Monday, March 18, 2013

Limits

No Sift the next two weeks, but new posts will appear April 8.


[That's why today's Sift is a little extra-long.]

Like most rights, the right secured by the Second Amendment is not unlimited. From Blackstone through the 19th-century cases, commentators and courts routinely explained that the right was not a right to keep and carry any weapon whatsoever in any manner whatsoever and for whatever purpose.

 -- Justice Anton Scalia, "District of Columbia v. Heller" (2008)

This week everybody was talking about the new Pope ...


and especially about the symbols of his humility, like riding the bus with the rest of the cardinals instead of using a fancy popemobile, eating simple food, dropping by the hotel he was leaving to pick up his own luggage, and so on. That fits with choosing the name Francis and how he has lived as Cardinal Bergoglio. It's also what you might expect from the first Jesuit pope.
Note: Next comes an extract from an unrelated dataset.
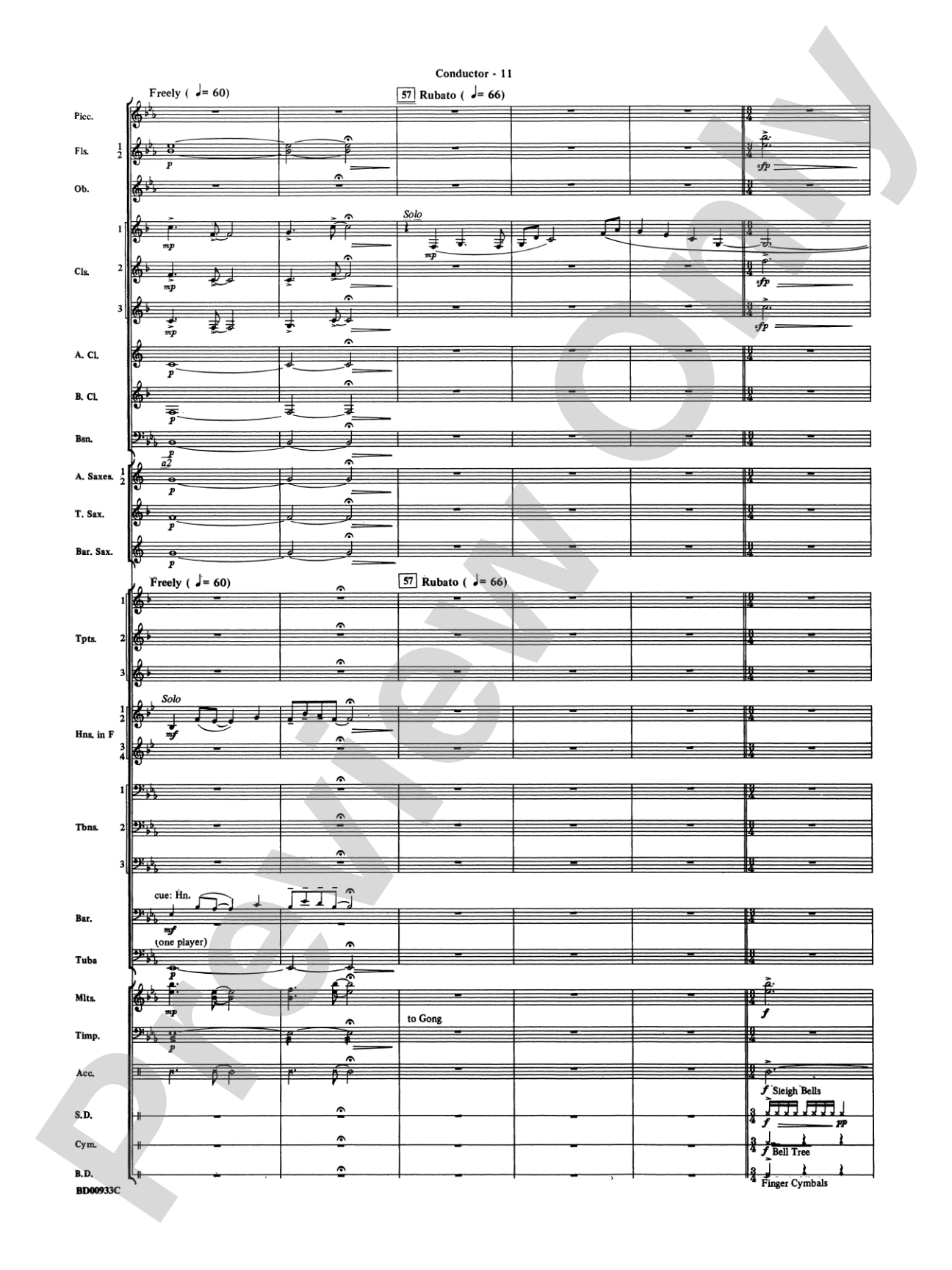 Symphonic Festival (An Overture for Band): Concert Band Conductor Score & Parts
That symbolism that could communicate something important about how he wants to run the Catholic Church -- maybe a way to tell the clergy that Catholicism isn't all about them -- or it could just be the trappings of a public image. Too soon to tell.

The good part of Francis' record is that he cares about the poor, and more generally about economic justice and the inequality of wealth. Popes usually do -- something conservative Catholics like Paul Ryan tend to ignore. In general, 20th and 21st century popes have been far more socialist than, say, Barack Obama. But National Review tells the right-wing faithful not to worry:
His counting poverty as a social ill should not be misconstrued as sympathy for statist solutions to it or, indeed, as support for any determinate political program.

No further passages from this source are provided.